Taking a small break from washing machines, Bosch has had the great idea to develop a smart sun-visor for cars, which uses eye-tracking cameras and e-ink glass to block only the sun itself from your vision, leaving everything else unobscured.
Hyundai and Uber revealed the S-A1 flying taxi, a concept vehicle they say could be in operation by 2023. It flies at speeds of 180mph, at an altitude of 2,000ft, and should keep investors happy for another few months.
Laptops
Driven by a sense of childlike curiosity, high-end PC manufacturer Alienware has taken a high-performance gaming PC and squished it into the shape of a Nintendo Switch, so you can play Red Dead Redemption 2 on the toilet with all the settings turned up. The Concept UFO is just a prototype for now.
With Lenovo’s ThinkPad X1 Fold, the craze for folding phones has reached laptops. This is a tablet that closes shut like a book, with one half of the screen becoming a keyboard when placed on a desk. Dell also presented its own folding laptop, the Concept Ori – yet more evidence that the industry has become far too excited about flexible screens.
Toilet stuff
The real focus at CES this year was the bathroom, where titans of the industry wrestled (not literally, that would be unhygienic) to bring their latest WC gadgets to market.
In the interest of advancing society, Kohl has embedded a smart speaker into its new Moxie showerhead, so you can speak to Alexa about the weather while you scrub yourself. Bathrooms are the final frontier of our virtual assistants, who until now could only listen from afar and wonder what it is we humans do in there. With the Moxie showerhead, Amazon and Google may lay claim to the remaining shred of privacy and dignity we had been naively holding on to.
And with that dignity fully eroded, what better time for Charmin to reveal that its top engineers have been working on an artificial intelligence that can fetch toilet roll for you? This is useful, as long as you are concerned enough about running out of toilet paper that you spend hundreds of pounds on a special toilet paper fetching robot, but not so concerned that you wouldn’t go for a poo without first checking there was enough toilet paper.

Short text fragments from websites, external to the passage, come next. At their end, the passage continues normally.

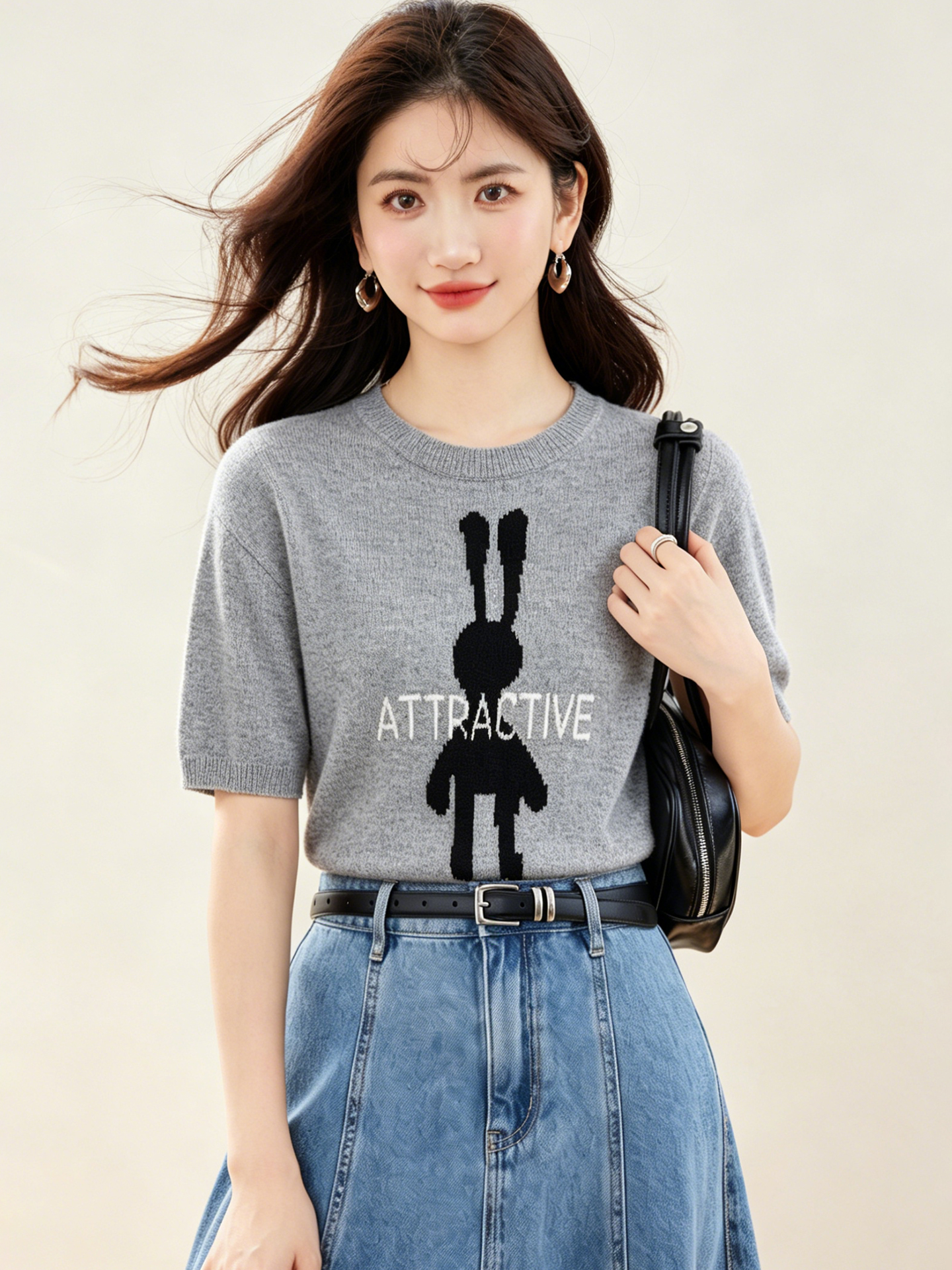 實拍◆有◆2026時尚百搭圓領印花針織衫女夏新款寬松休閑短袖上衣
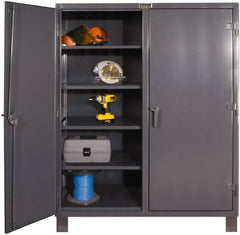 Durham - 8 Shelf Locking Storage Cabinet - Steel, 48" Wide x 24" Deep x 78" High, Gray - Americas Industrial Supply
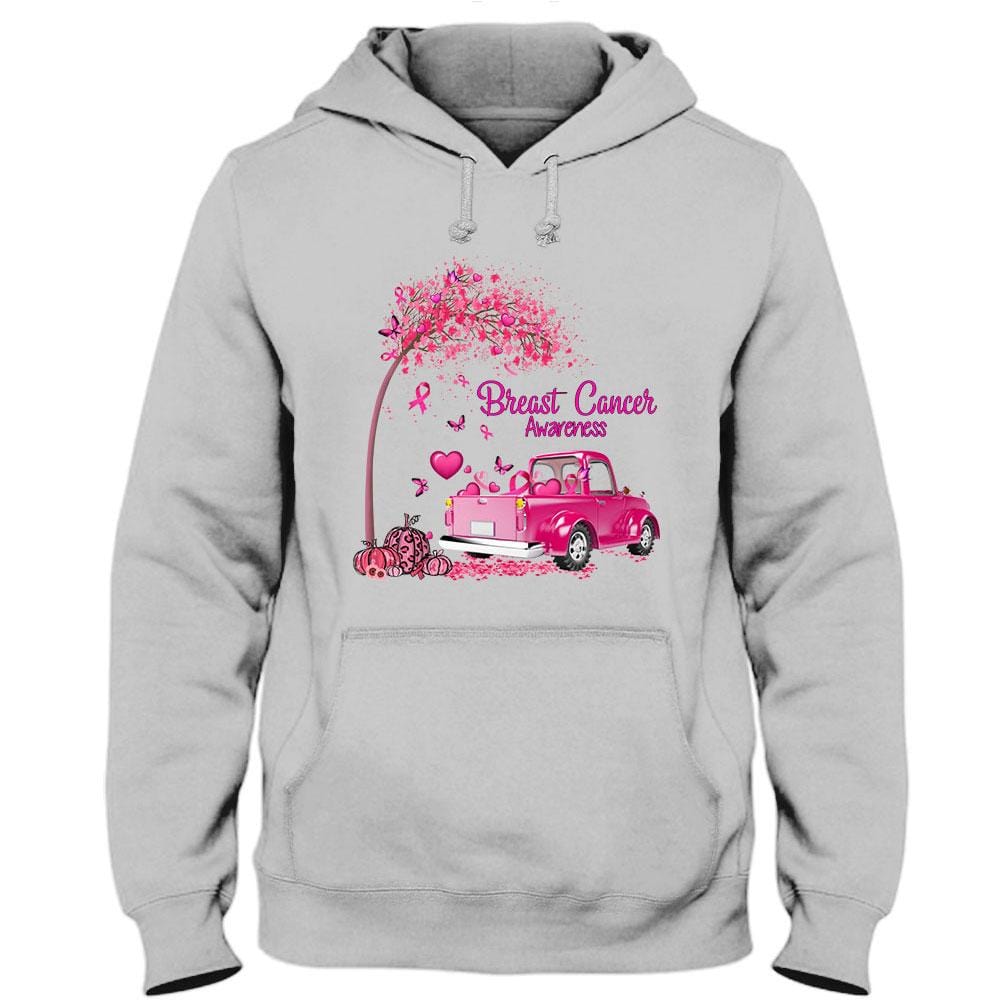 Pink Ribbon Tree & Car, Breast Cancer Survivor Awareness T Shirt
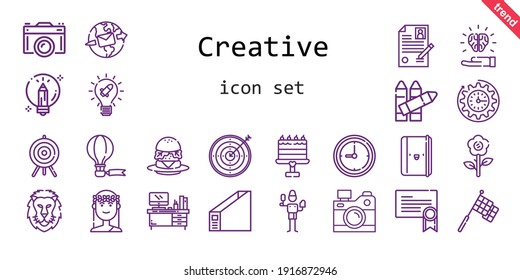 creative icon set  line icon style  creative related icons such as brush  racing  idea  certificate  muse  clock  curriculum  crayons  lion  creative  flower  target  hot air balloon  folder  burger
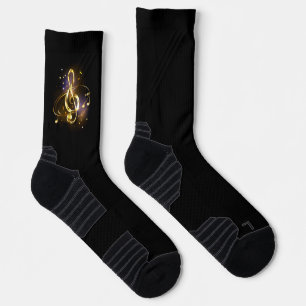 Goldener Violinschlüssel Musik Socken
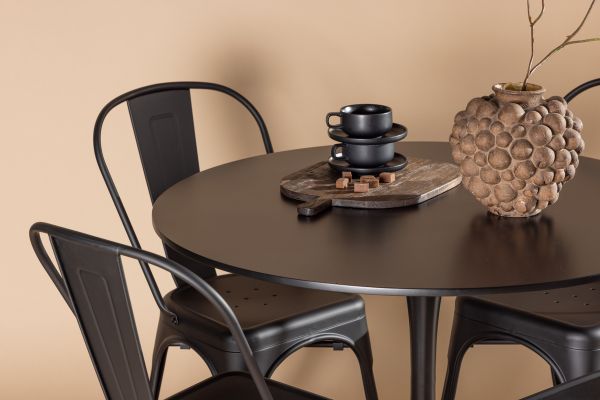 Imagine Masa de dining Glade - Negru / Negru MDF + Scaun de dining Tempe - Negru mat / Metal _4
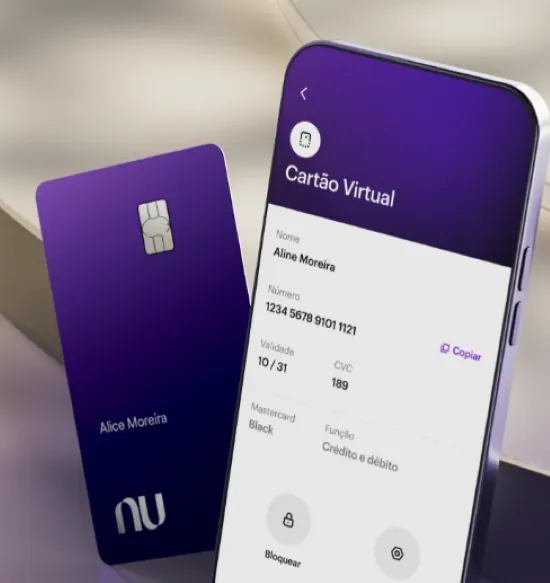 Cartão físico e interface virtual do Nubank exibidos em destaque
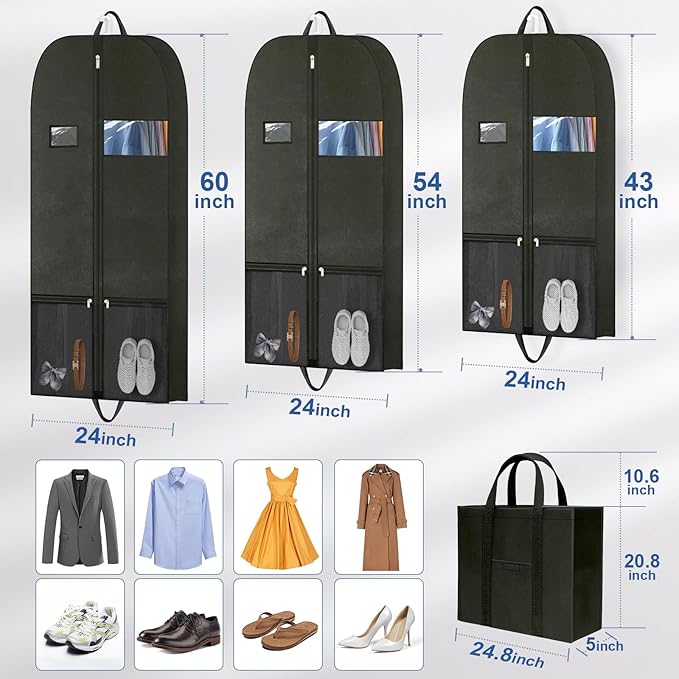 Folding Garment Bag for Travel, Clothing Storage Bags for Hanging Clothes, Large Heavy Duty Zippered Garment Bags for Travel, Closet Storage & Moving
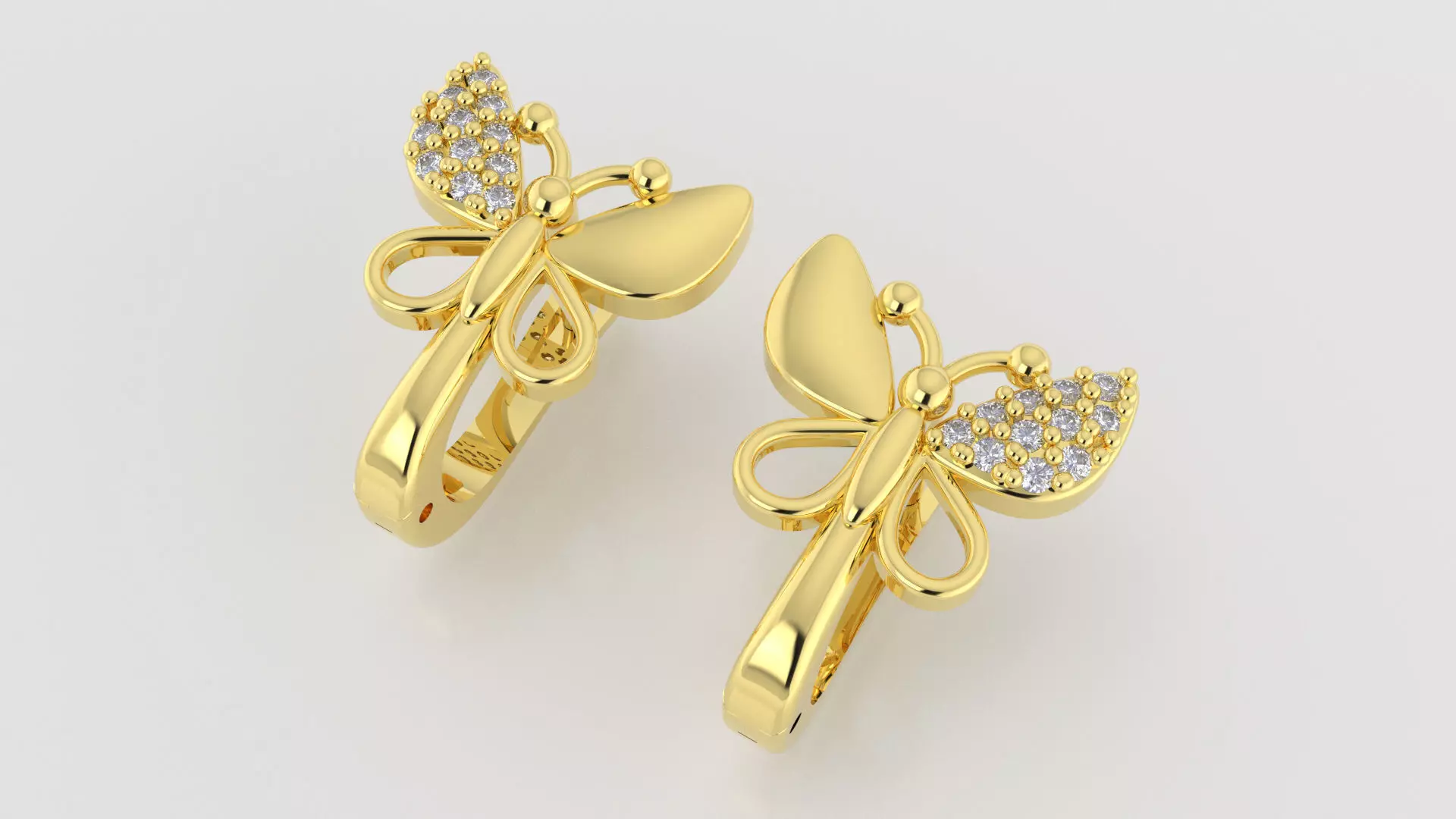 3dm stl butterfly earring printable jewelry model 3D model  3D print model_0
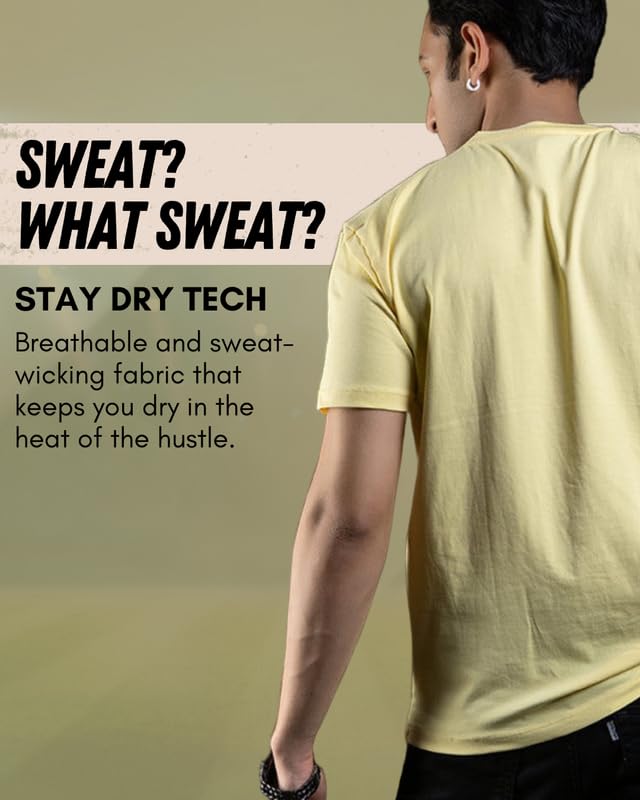 Image of Ghumakkad Cotton Blend Half Sleeve Round Neck Sports T Shirt for Men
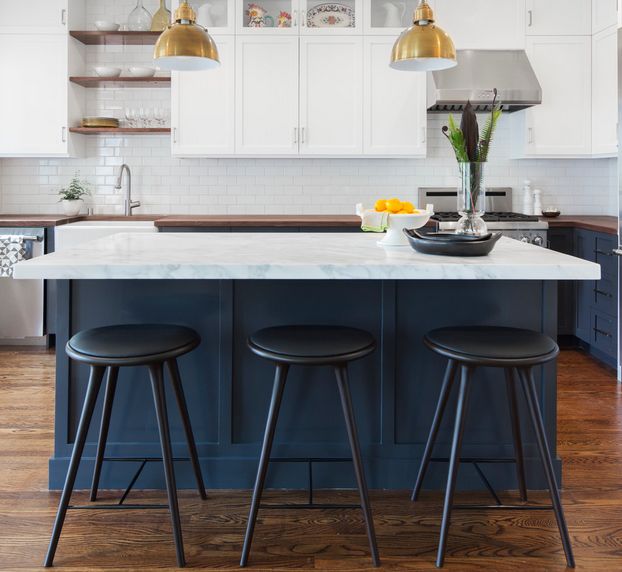 Blue cobalt kitchen island with black chairs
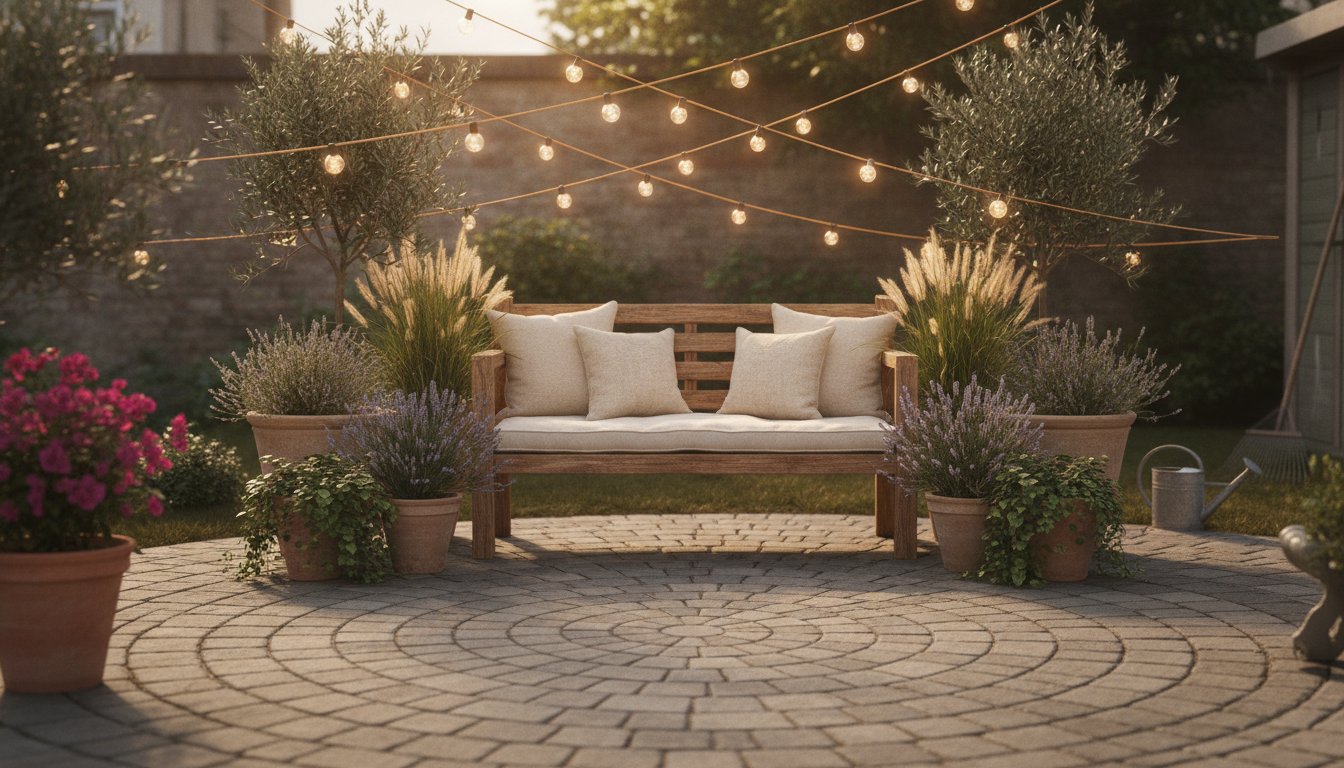 Aménagement extérieur cour - patio terminé avec éclairage et mobilier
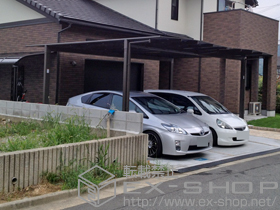 のカーポート エックスルーフ ワイド 積雪〜20cm対応 施工例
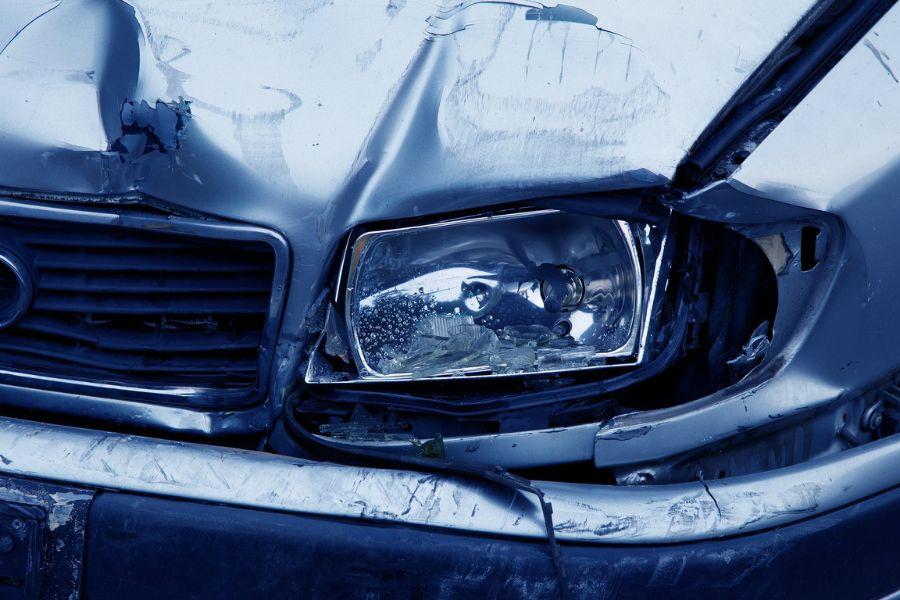 Car headlight crash damage 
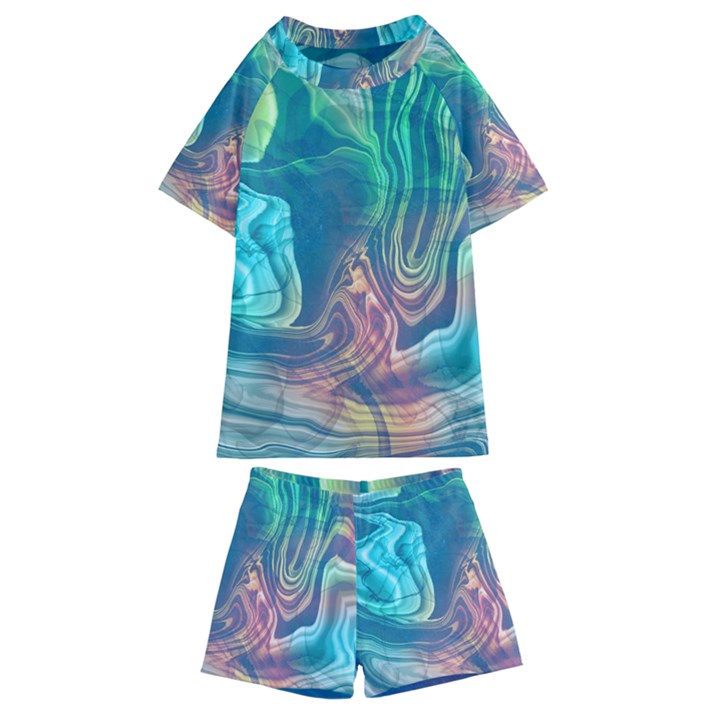 Opaled Abstract  Kids  Swim Tee and Shorts Set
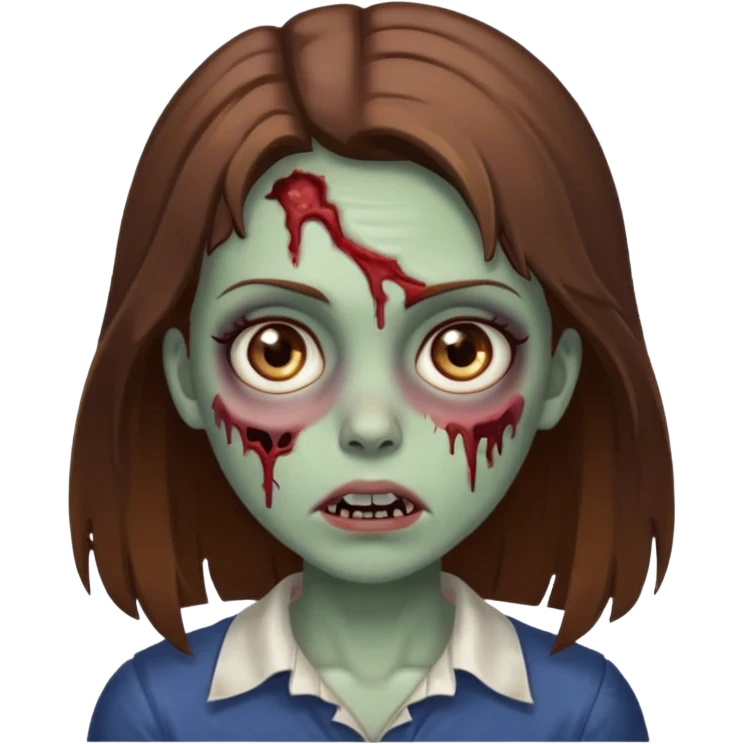 zombie girl Brown hair Brown eyes emoji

French smart home company Mateo is similarly focused on your bottom, primarily how much of it there is. Its smart weighing scales are disguised as a fluffy bathroom mat, and are accurate enough to detect not just your weight but your posture too, telling you off for slouching every time you step out of the shower.
The rest
Samsung’s CES keynote address was at its most Bond villainesque when president Hyunsuk Kim declared that consumers had unwittingly entered “the age of experience”, before failing to elaborate on what that might entail exactly. Would we need to change our clocks? Should we let the post office know?
The confusion was further compounded by the announcement that a key part of this age of experience will be Samsung’s Ballie, a tennis-ball sized yellow sphere that follows you around your home. This friendly droid can gaze at you longingly through its built-in camera, annoy pets, respond to your voice and offers companionship in this increasingly strange and gadget infested world.